On Writing,  publishing

Public Domain Day

I Know… Copyright!…

But hang on, it’s interesting, honest, because for the first time in a lot of years, major works are entering the public domain.

Now granted, for some countries, this is a normal thing. For example, in Canada, any author who died in 1968 has works entering the public domain now because of life plus 50 year rule.

But the United States has had some pretty messed up copyright laws since it was founded and copyright was put in the Constitution. Now finally, everything from 1923 has dropped into public domain and that will continue to move forward each year, one year at a time, until it catches up with the life-plus seventy years law.

Of course, for the longest time, there were a lot of works that were in public domain since the author didn’t comply with some requirements, like copyright notice or 28 year renewal.

THAT IS ALL GONE NOW. Thankfully.

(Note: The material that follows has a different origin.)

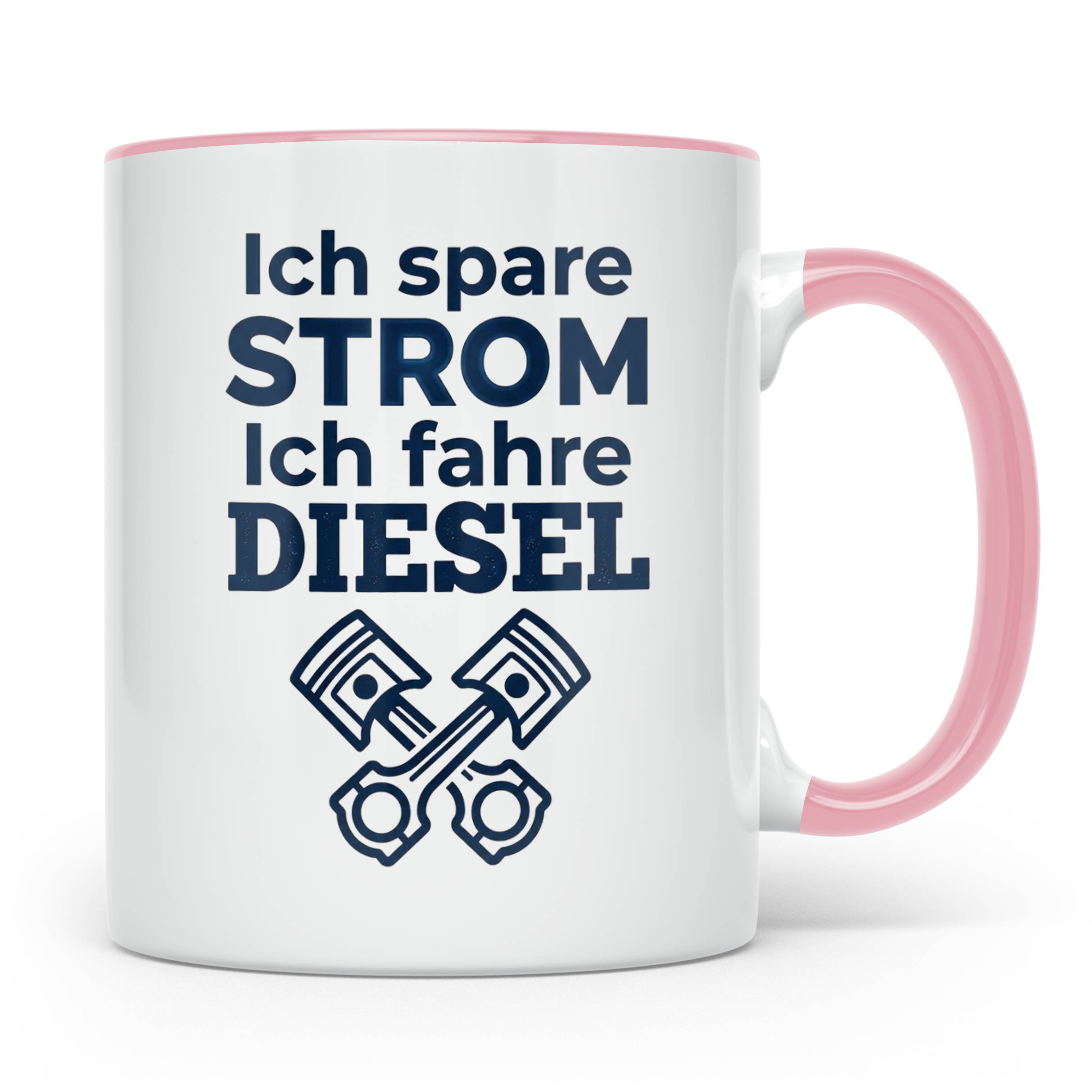 Diesel Tasse mit Spruch Ich spare Strom Ich fahre Diesel, An – Rosa [farbe:rosa]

I can’t imagine trying to train indie writers about what was needed for copyright under those old rules. I shudder at the thought since modern rules are easy, are automatic, and writers still don’t want to learn them.

So if you want a good overview of this topic, Duke Law did a clear one that most everyone can make sense out of . Here is the link.

Public Domain Day.

4 Comments

  • Michael Kingswood

    “But the United States has had some pretty messed up copyright laws since it was founded and copyright was put in the Constitution.”

    Hi Dean,

    I agree the current copyright standards are AFU. But I’ll confess I haven’t researched too heavily into what the original Copyright statutes held at the Founding. Seems to me the IP clauses in the Constitution are good and valuable; it’s just the inevitable corruption that will always come to a human system that has fuggered them up.

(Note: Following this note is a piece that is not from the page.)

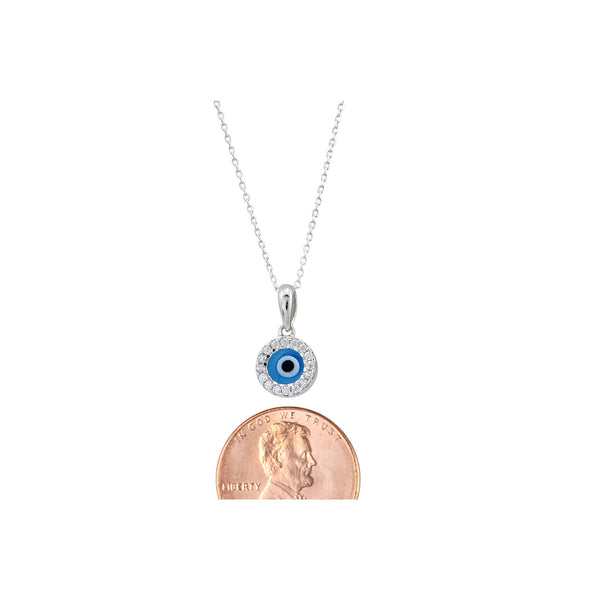 Sterling Silver Mini Evil Eye Pendant Necklace with CZ Cubic Zirconia - Jewelryland.com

    But then, I will again point to my lack of historical research in this matter.

    What is it that existed back in the days of the Founding that you consider jacked up?

    V/R,
    Michael

    • dwsmith

      Actually, Michael, the copyright laws now are the best they have ever been in this country. We used to be the pirates of the planet because of our laws. And authors and estates lost control all the time because they didn’t follow some arcane rule. We finally joined the rest of the world in 1978 and then made a few changes that froze stuff for the last 20 years for the mess here to clean up some. So right now, the rules here are like the rest of the worlds (with a few minor exceptions) and thus good.

      The founders put copyright in the Constitution because they knew it would help in the creation of new ideas and works of art in the young country. But they made the term only first publication and then protection was gone. Author could make money only off the first publication and then anyone could take it, for the most part. (Major generalizations here, but you get the idea.)

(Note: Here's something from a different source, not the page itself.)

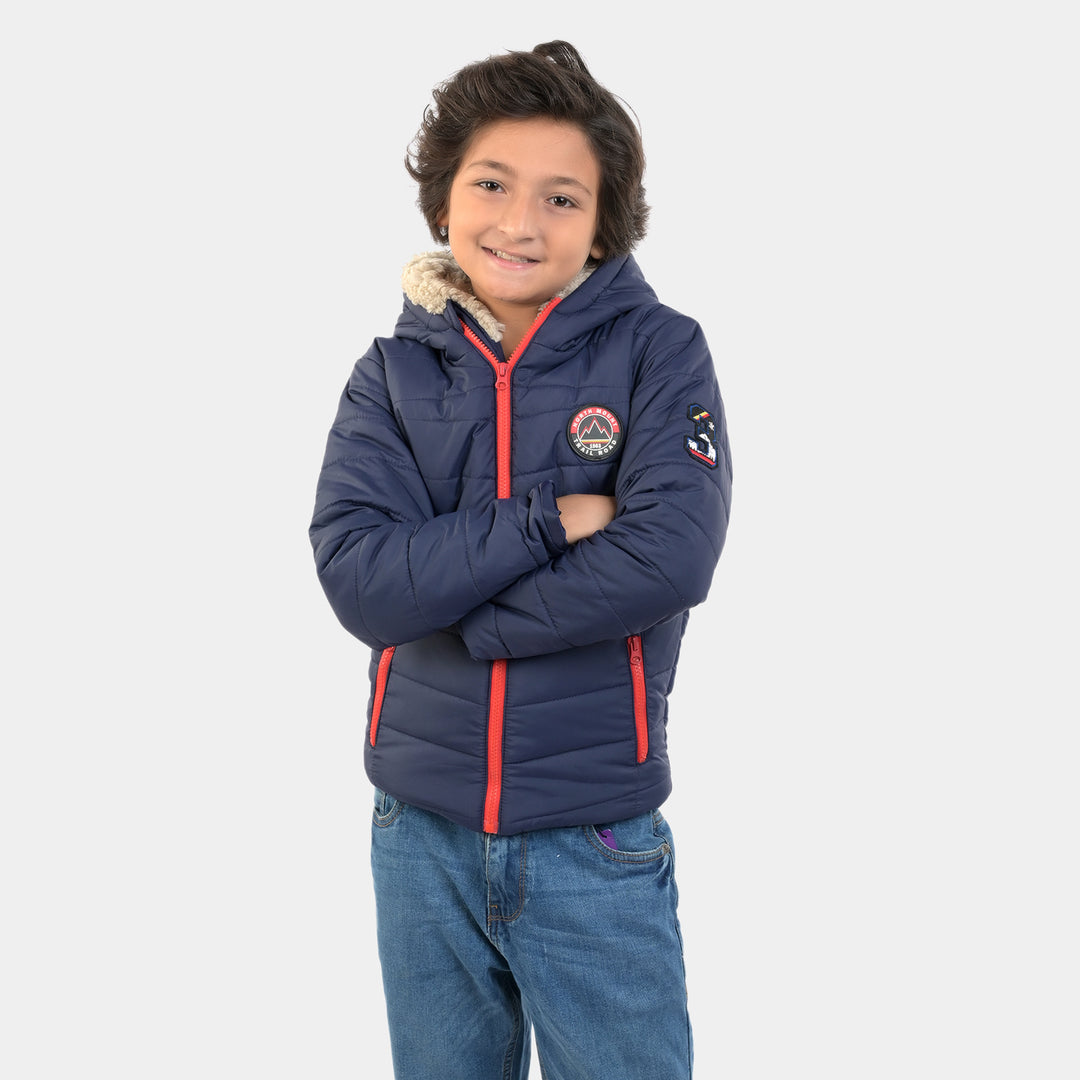 Boys Taffeta Quilted Jacket Road Tripper-Navy Blue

      For a long time we had notice requirements which meant that if a publisher left off the copyright notice through no fault of the author, the work automatically dropped into the public domain. (That ended in 1978 as well.)

      And then an author had to renew the copyright every 28 years and could only do it twice and it didn’t get renewed, which over 90% of works published did not, the work fell into the public domain, but no one could ever figure out easily which were renewed and which were not. (This is still affecting a lot of works today, but is almost cleaned up with the 1978 laws.)

      Every writer should understand all this, but I wager almost no one reading this does, or will bother to go learn. Drive me nuts. Like a brain surgeon not bothering to learn what a brain looks like.